Some of the gleanings he’s had in the sport, Rungkat says, is from his travelling years as a teen with the Ratiwatana twins of Thailand. The Indonesian Tennis Association agreed to the idea of Rungkat accompanying brothers and doubles partners Sanchai and Sonchat Ratiwatana as a full-time hitting partner. “I would play some ITF junior events and travel with the Ratiwatana brothers on the tour, sleeping on the floor of their room, and also offer up myself as a practice partner to other players looking to warm up. The Ratiwatana twins were mentors to me then, teaching me drills and getting me to tag along in training. But singles was a completely different challenge and survival was cut-throat.”

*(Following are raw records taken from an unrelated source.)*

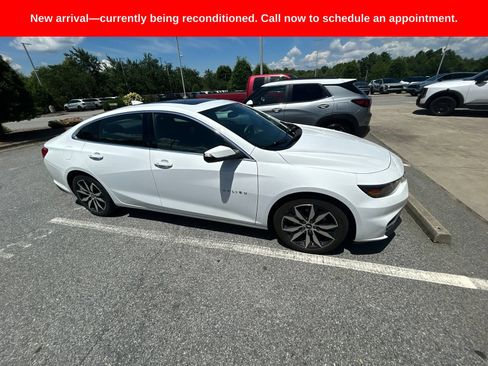 Used 2017 Chevrolet Malibu LT w/ Leather Package FWD image 19
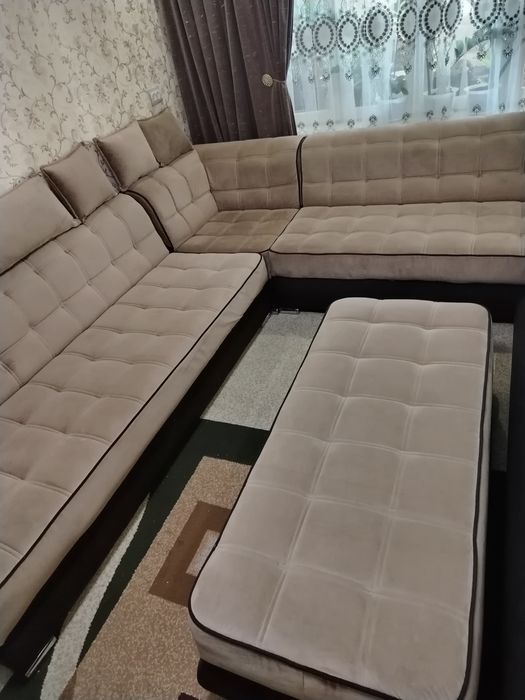 Диван уголок сотилади.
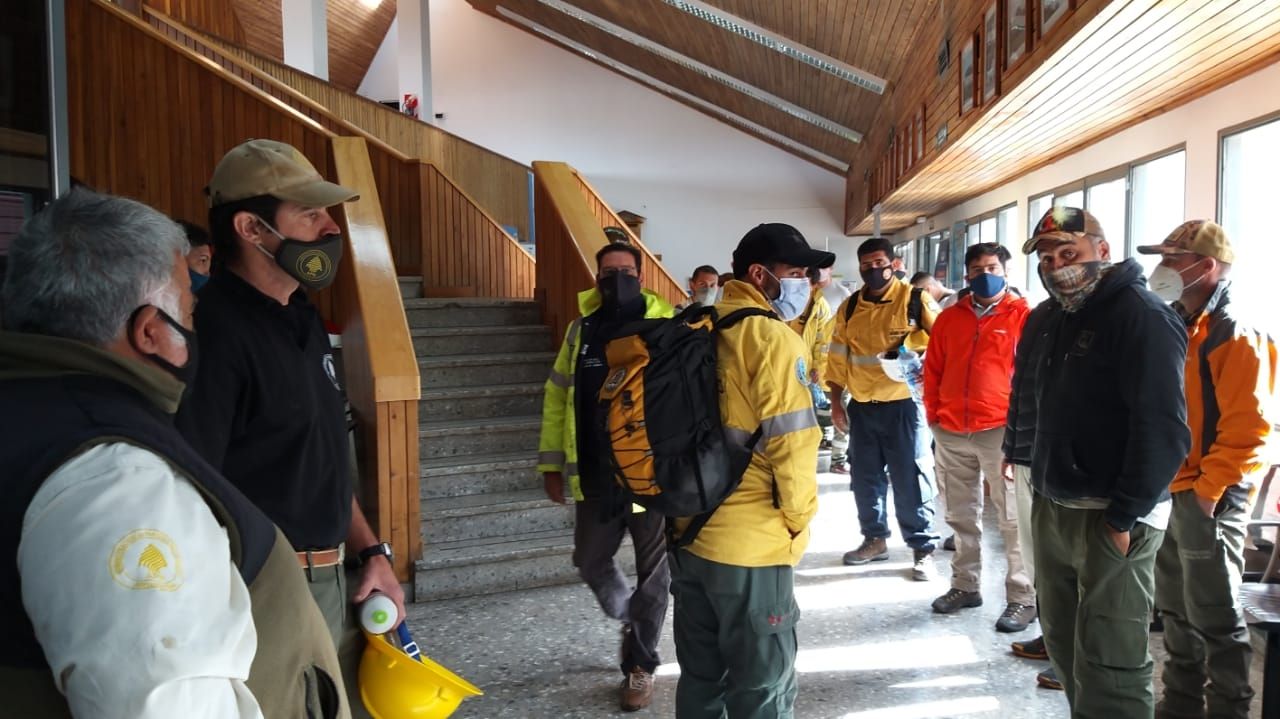 Aterrizaron en Esquel los Brigadistas que se dirigen a la zona de los incendios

In 2013, Rungkat tore his hip flexor muscle, the rehabilitation ate up a whole season and soon his sponsors started walking away. His singles ranking plummeted from 241 in April 2013 to 1064 in just 12 months and he was caught in the abyss with little hope of finding a way out. “I was devastated,” he says. “With my sponsors gone, I didn’t know how I would survive. I began living out of my savings and whatever prize money I had earned, my bank account almost went dry. I really lost the will to play tennis.”
Prize money trickled in with three gold medals at the 2011 South Asian Games. “It allowed me travel for a few tournaments and came as a timely blessing just when I was about to give up.” However, Rungkat’s singles efforts were taking him nowhere and he looked around to find his contemporary players flourishing in doubles. “That’s when I sat up and thought to myself that maybe that’s what I should also be doing.”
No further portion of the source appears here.